Junior Researchers Group – “Mechanistic Understanding”

Profile:

  • Name: Mechanistic Understanding
  • Funding code/competition: 03XP0231
  • Funding source: Federal Ministry of Education and Research (BMBF)
  • Project duration: October 2019 to October 2024
  • Funding volume: 1.5 million euros

Focus Applied Electrochemistry

The energy turnaround will not be possible without high-performance energy storage systems. This means not only that such systems will have to be developed, but also that the potential of existing technologies – such as the lithium-ion battery – will need to be exploited to the full, with restricting factors being eliminated or replaced. To this end, every process and reaction in the battery has to be understood down to the last detail. This is what our group of junior researchers, working under the title of “Mechanistic Understanding”, are engaged on at MEET Battery Research Center.

Focusing on applied electrochemistry, our team concentrates on understanding and controlling charge transfer reactions and redox reactions, because these have a decisive influence on a battery’s performance and are therefore a key factor in optimizing lithium-ion technology. With this focus in their work and the results they have so far achieved, our researchers are pioneering the further development of lithium-ion batteries. By specializing in the analysis of the interactions between atoms which take place in redox reactions, the team members gain insights into a field of research which has not been much investigated so far – but which is rich in potential.

Researcher in Analytics Laboratory
© Uni MS / MEET

Overcoming Barriers Through New Operando Analytical Methods

Comprehensive, complicated analytical methods are needed to measure the difficult-to-measure changes that take place in atoms and their bonding during redox reactions. This is the challenge that our junior researchers have taken up. In order to overcome analytical barriers, the researchers are constantly developing new, complex characterization techniques and evaluation methods such as are necessary, for example, for X-ray absorption spectroscopy in the area of soft X-rays. Up to now, ultra-high vacuum has been required for this. This, and other new developments, as well as methodological adjustments especially for batteries – which are complex research objects – enable the researchers to study energy storage operando, i.e. during use, and carry out detailed measurements. Through a combination of approaches – both of a sound theoretical nature and, at the same time, innovatively experimental – our researchers gain unique insights into redox reactions and the associated structural changes in lithium-ion batteries. In doing so, they benefit from MEET’s ultra-modern laboratories.

Our researchers also modify existing materials, and develop new ones, for lithium-ion batteries. In doing so, they concentrate for example on the anionic doping of layered oxides. Replacing the oxygen with minute quantities of anions gives them an opportunity to specifically modify the electronic character of materials and, as a result, significantly increase the efficiency of the battery. Something that our junior researchers also have on their agenda is a theoretical analysis of the interaction between individual cell components.
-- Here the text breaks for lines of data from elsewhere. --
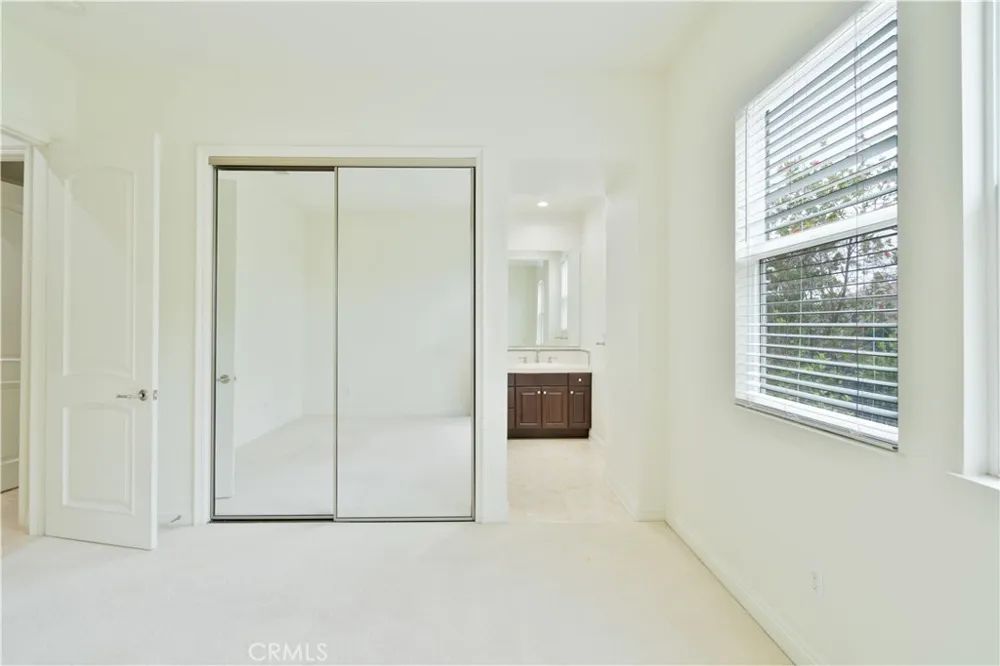 20311 Via Botticelli Northridge, CA 91326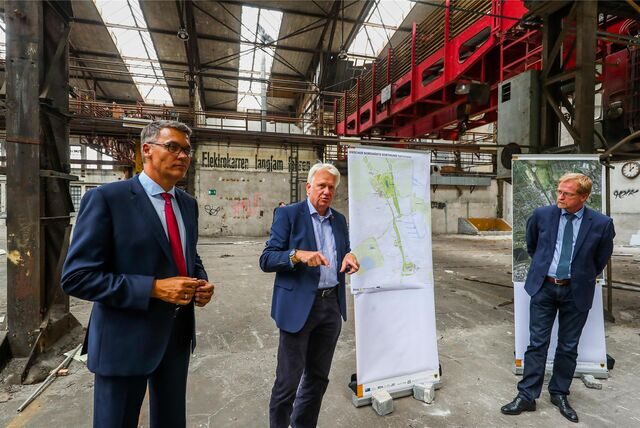 Erste Planungen: Der damalige OB Ulrich Sierau, der jetzige OB Thomas Westphal (l.) und der ehemalige Planungsdezernent Ludger Wilde (r.) bei der Vorstellung erster Pläne fürs HSP-Areal 2018.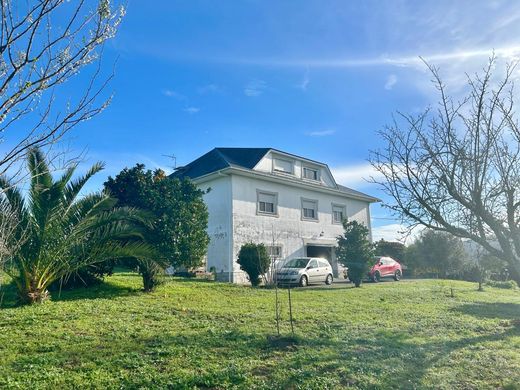 Chalet a Miño, Provincia da Coruña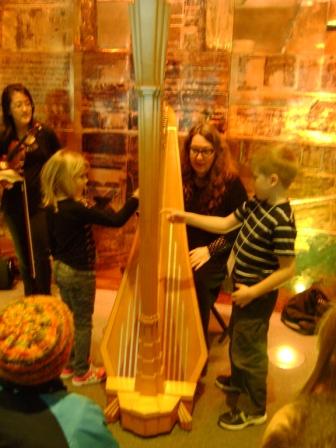 GSO Kids with Harp compressed
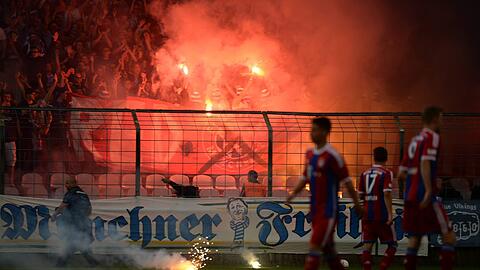 Der Grund für die härterer Verordnung: Fan-Krawalle beim Amateur-Derby im vergangenen August.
In this connection, they focus for example on so-called electrode-balancing, which is this interaction between the cell components and which can be disturbed during battery operation – for example by high currents, temperatures over 40 degrees Celsius and below zero degrees, by long operation times or by rapid charging. This, in turn, can lead to massive drops in performance, and even safety risks.

Trendsetting Analysis of Redox Reactions

By taking an holistic approach, our research team has already set new standards in battery research. The team was the first to demonstrate experimentally that redox reactions in the cathode consisting of lithium-nickel-cobalt-manganese (NCM) are based on a reversible oxidation of nickel and on a hybridization with oxygen. In doing so, they have identified an understanding of redox reactions and the interactions associated with them as a major factor in improving the lithium-ion battery. Up to now, transition metal and oxygen were mostly considered separately. In order for the electron content of the transition metal to remain constant, however, the metal accesses electrons in the oxygen. As a result, a hybridization of transition metal and oxygen takes place. What our team of junior researchers now aim to do is to replace the oxygen with atoms which can release increasing quantities of electrons to the transition metal – and thus exchange more charge. The performance of the lithium-ion battery can be increased decisively in this way.